While the US perception of Latin American culture and business methods is still plagued with inaccuracies, some stateside companies with nearshore services vendors are speaking out to correct these misunderstandings.
Nigel Storey, COO and Senior Director at Johnson & Johnson Design, recently voiced his opinions of his Latin American partners in a webinar by Sourcing Industry Group (SIG), entitled Partners vs. Providers – Why I Enjoy Working with LatAm Suppliers. The talk gave listeners the chance to learn about some new pros and cons that the buy side is experiencing with Latin companies.
NB: The comments given by Storey represent his own personal opinions and not those of Johnson & Johnson.
Challenged by High Performance
“For us, the main challenge has actually been how advanced some of the Latin American vendors are,” he said. “There’s some really cutting-edge providers out there that have actually pushed my group and my team to advance their knowledge and their skills sets, meaning we had to retool and retrain our own people to keep up with them.”

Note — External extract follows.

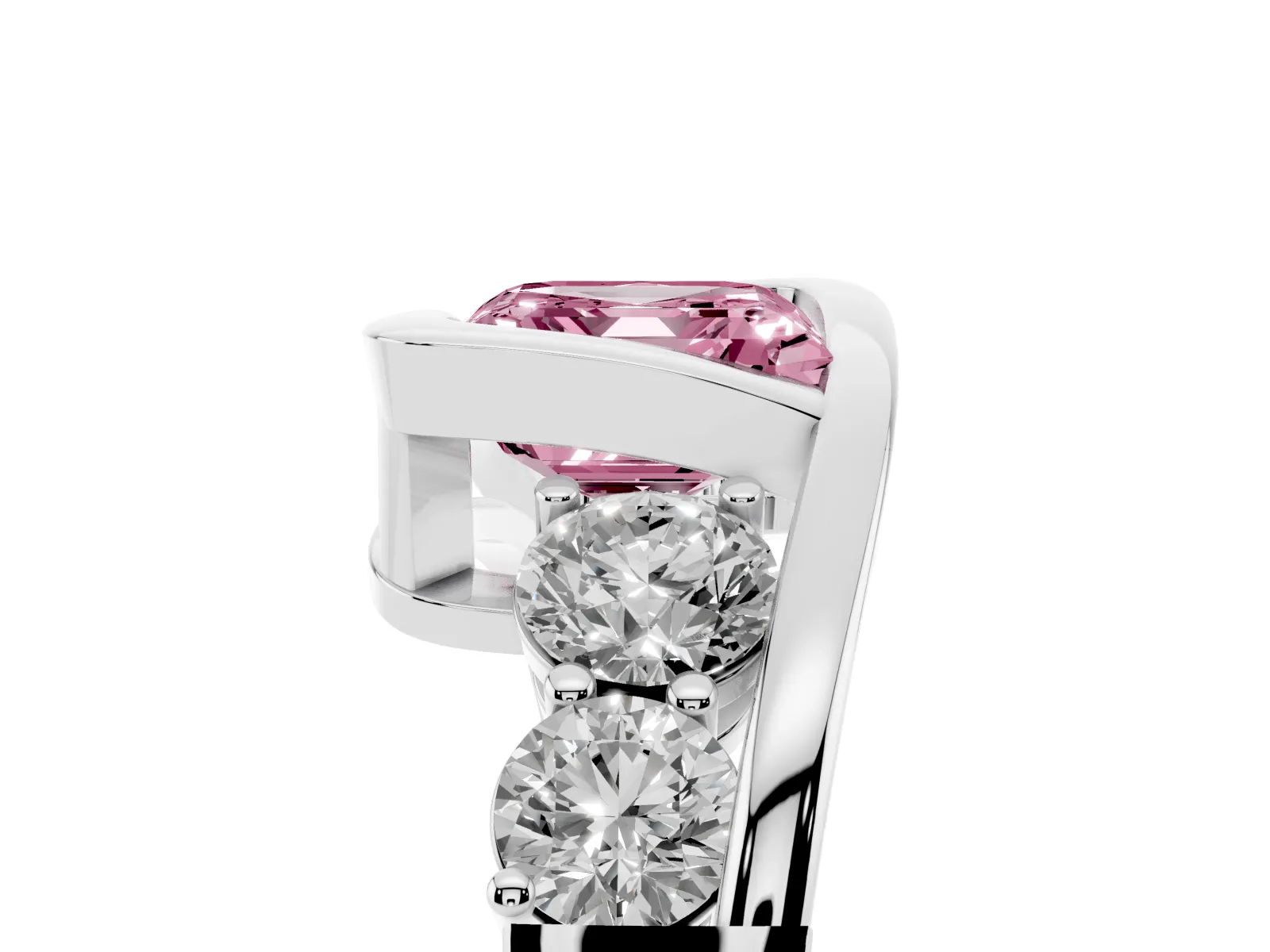Fancy Pink Bezel Set Asscher Cut Diamond Bypass Ring with Round Accents Platinum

Culturally, Storey pointed out the fact that Latin providers operate very differently to those in the US, taking a firm approach to project negotiations that many US buyers may not appreciate.
“We all have vendors who “yes” you to death and then don’t deliver, but you don’t find that in Latin America,” he said. “Partners will provide you with an early warning and an alternative (often more efficient) way of doing things, which can worry business leaders who want to push vendors around — they are not order-takers; they will give constructive feedback on how to do things better.”
Site Visits Reveal Resourcefulness
Storey recalled a site visit he did in Brazil, when he walked through the environment during an evaluation of the supplier. During the trip, he noticed an organizational discipline that spoke to him, such as numerous processes and plans sketched out all over the walls, and a dedication to English.
“During many of the site visits I have been on, language has been up to par,” he said. “Many have on-site instruction to further advance English skills.”
Another side that was revealed during his visits was the resourcefulness of the teams, which are “always thinking about creative ways to solve problems,” according to Storey. One case study cited by Storey involved a report with 70 pages of changes that needed to be implemented by 9am the next day.
“We at first thought it was time to go back to the drawing board, but our supplier asked for the list, analysed it, and tried to work out how to accommodate us,” he recalled. “I then worked with them through the night to achieve what we thought was impossible. When you consider the time zone advantage, it would have been far more challenging to do that with a provider in another region.”
Developing Friendships, not just Partnerships
Another challenge that Storey warns about is the kind of no-nonsense personality that Latin business leaders may have, but this shouldn’t be seen as a negative thing. “If you’re going into a relationship with a Latin American provider, and you just want to push them around, there may be a clash you weren’t prepared for, but it can be a benefit toward getting the job done the right way, which may not be your way,” he said.
Oftentimes, clients and partners might have different goals, leading to long and repetitive cycles of negotiations. In the best partnerships, there needs to be overlapping goals between the two companies. Thankfully, many suppliers in Latin America approach their work in this way, as friendships and relationships are highly valued in the region, which translates into the work and the passion for the work. “I’ve developed more friendships with Latin American providers than in any other region because of cultural nuances such as this,” said Storey.
This is the reality that US clients must embrace and become accustomed to, as the value of this kind of partnership will eventually pay for itself.